Kind of incredible we are already into March. These months really are rolling past. I’ve got a few days off this week, I’m excited to catch up with family and get a few workouts in before doing the Paris half mara this weekend.
Todays blog is a bit of a thought blog around goal sequencing using soccer data. I’ll share some code, some data transformations in Tableau as well some overall thoughts in general when it comes to creating a visual of sequenced events.
Here is an example from Opta’s Twitter page.
So what are goal sequences?
Sequences are passages of play. They can be anything from defensive actions, duals, passes or shots. Sequences end when there is a stoppage in play.
When a team has possession they will join these sequences up together. We can then take these events and try join them up, plotting them on the pitch.
Jonny goes into further detail around how a series of uninterrupted passes leading to a shot would be counted as a sequence. The shot ends this sequence but suppose the keeper saves it and pushes it out for a corner. Although the sequence ends, the possession continues until the opposition gains control of the ball. The original sequence and the sequence initiated from the corner would both be included under the same possession for the team taking the shot.
Now I was pretty excited to go away and start looking at this in action, and realised instantly it was a little tough than first imagined.
Above is a code snippet I used to access some simplified StatsBomb data, using the Womens 2019 World Cup Final as the example.
So I gave it a go, you can check the visualisation and the code from the top of the page under the title header using the icons.
What did trying to plot this data teach me?
Football can be a scrappy game. Unless you have proper context behind the sequence of events, it’s actually quite hard to understand sometimes from data on it’s own. In my example below you can see how Rose Lavelle scored the second goal of the final for the U.S. on a solo run through the Dutch defence that ended with a left-footed strike from 17 yards.
I’ve attached the summary video of the game showing the different actions on the dashboard, this actually helped me understand the data more having seen the game.
It’s really hard to show a sequence of play when possession changes rapidly, during duels. For example, I had looked previously at some games that scored from a corner that had multiple duels in it. Really tough to visualise!
The second thing is, some events need to be excluded from the sequence.
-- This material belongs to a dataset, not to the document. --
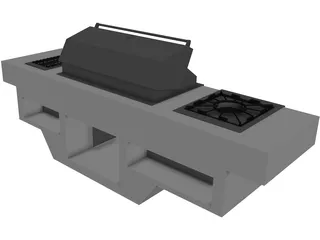 Barbacoa Viking 3D Model preview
You’ll see in my data there will be additional rows of position of players.
Whilst we can string the sequence of events together, some carries and passes don’t necessarily ‘come alive’ when visualising. I think this could be for a combination of reasons, like the number of moving parts. 22 players are on the pitch but if we only map those that are on the ball at a moment in time, we effectively lose a lot of context. On the flip side, how do we show continuous pressure/challenges from players over a duration of multiple sequences? See how it becomes a little complex.
Finally and I guess this is a general rule of thumb with data visualisation, does it showcase and truly reflect the story in the best means possible?
So when do goal sequences work well?
Well this example of Mo Salah taking 11 seconds from box to box was a nice example.
What this visual and the one below from the analysts blog have in common is the way of showing passes vs carries using dashed and block lines. (dashed lines are a little hard to do in Tableau, less so in Python/R etc i’m sure.)
Simple in design, beautifully presented and is able to provide context to the different carries, passes and part of the pitch used in building up to the goal.
But sequences can also be used at the aggregated level too. Whilst these goal sequences provide pretty pitch charts, we can also start to analyse the impact of players through sequences.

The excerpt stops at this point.